### PROBLEM TO WORK ON
Only the stretch below from the line holding "1448 Stuart ST, Denver, CO 80204" through the line holding "Hark! The Harold Angels! T-Shirt" should be restated, word for word and with both ends included; pictures stay out.

### DATASET
= = =

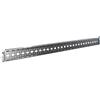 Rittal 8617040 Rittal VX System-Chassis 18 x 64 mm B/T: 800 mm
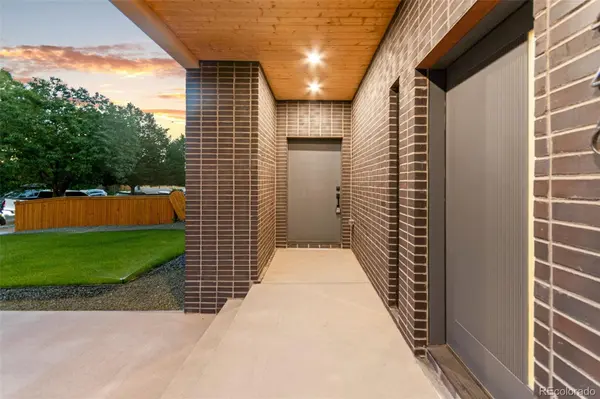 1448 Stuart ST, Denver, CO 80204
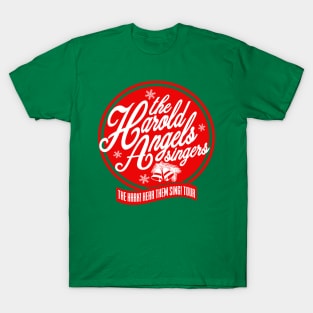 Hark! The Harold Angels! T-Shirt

= = =

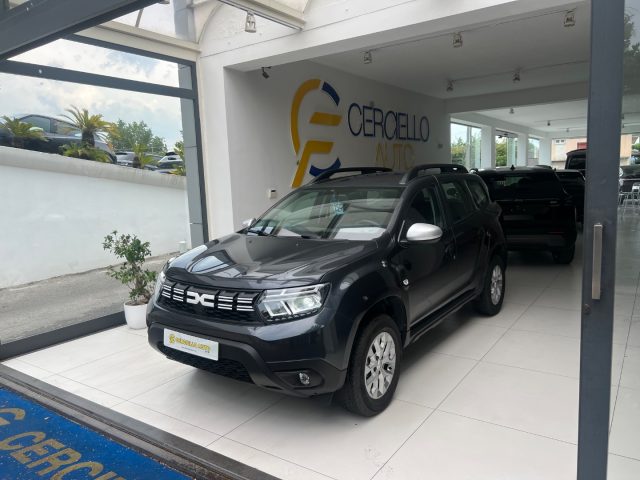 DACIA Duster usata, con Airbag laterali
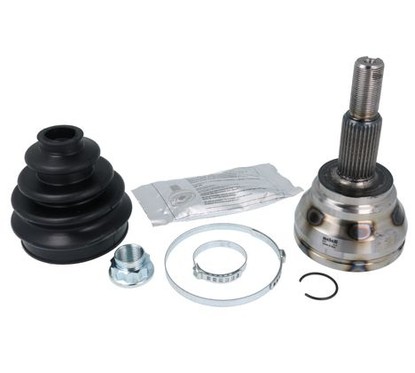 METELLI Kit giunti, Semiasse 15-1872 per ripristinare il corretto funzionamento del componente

= = =

### WORKED SOLUTION
 1448 Stuart ST, Denver, CO 80204
 Hark! The Harold Angels! T-Shirt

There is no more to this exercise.